What Now For Joe Hart?
When Manchester City signed Shay Given from Newcastle on Sunday, most at Eastlands will have been pleased by this capture. But not quite everyone. Given will instantly become City’s first choice goalkeeper, displacing Joe Hart. This in turn will leave the young goalkeeper as nothing more than a bench warmer, at least for the remainder of the season. He hasn’t been as impressive this season but who can blame him when he surely must have been unsettled for months at the prospect of losing his place to any of the big name keepers that were linked with City, not to mention the indifferent form of his teammates.
Hart could learn a lot from someone like Shay Given who is extremely experienced and more importantly, someone who has been a brilliant keeper for at least a decade now. But any mentoring from the Irishman would only go so far, as the best way for any player to learn is to be playing. The more games he accumulates at the tender of age of 21, the better he’ll be for it. There are also longer term repercussions for Hart too.
It has been well documented that Fabio Capello does not select players for the England squad that have not been playing regularly. Now he may feature in the squad for the friendly against Spain on February 11th but beyond that, it is difficult to see how Hart will gain a place in the squad for qualifiers later this season if he is not playing regular club football. There are a number of English keepers who play every game for their club and thus would be more deserving of a place in the squad.

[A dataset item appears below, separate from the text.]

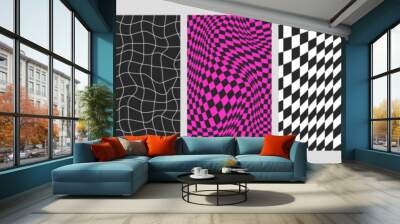 Psychedelic checkerboard backgrounds set with warped wavy grid tile. Twisted checkered seamless geometric pattern in groovy y2k style. Color chessboard posters with distortion effect, optical illusion Wall mural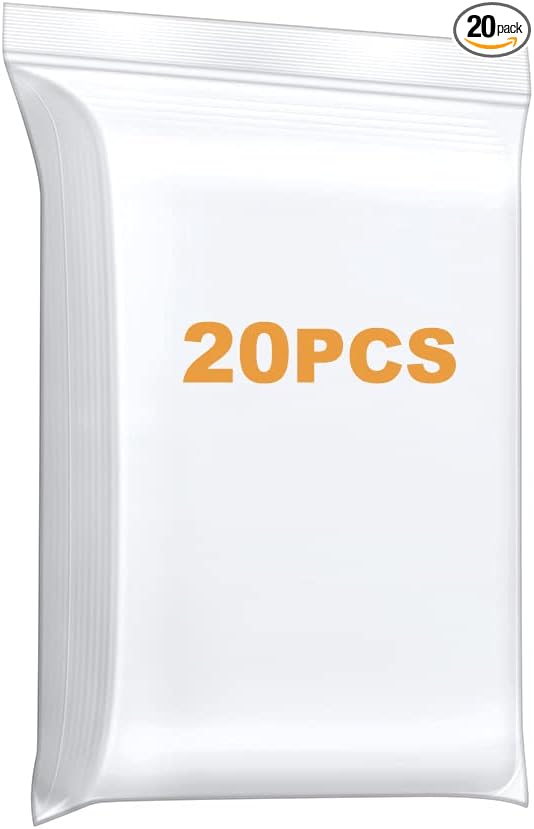 7 x 9 inches Thick 5 Mil Clear Zip Plastic Bags Lock Reclosable Poly Bag Seal Storage Bags With Zipper for Cards Envelopes Snacks Heavy-Duty 20Pack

David James currently has the England number one jersey locked down for now, but at his age Capello must also be looking towards the future as I doubt James will be around for the Euro 2012 campaign. Therefore, if Joe Hart has any aspirations of claiming the position, he needs to be playing week in week out, just to give himself the chance of being noticed. Yes, time is more than on his side but I feel that he is England’s most promising keeper and would personally have no objections to throwing him in as number one now. If he responded well to the challenge (unlike Scott Carson has previously), you could then easily have a keeper who would be first choice for his country for the next fifteen years.
It would be in Hart’s best interests to move on and find regular football elsewhere come the summer. There would be no shortage of Premiership clubs that would be interested in his services and could get him for a decent price. Even if he was to move to a smaller club, impressive form there wouldn’t hinder his international chances and could even land him a move to a side that regularly competes in Europe (with the smaller club making good profit on their investment). I hope that Hart has the ambition to be more than a number two and can go on to realise his potential, if not at City, then elsewhere.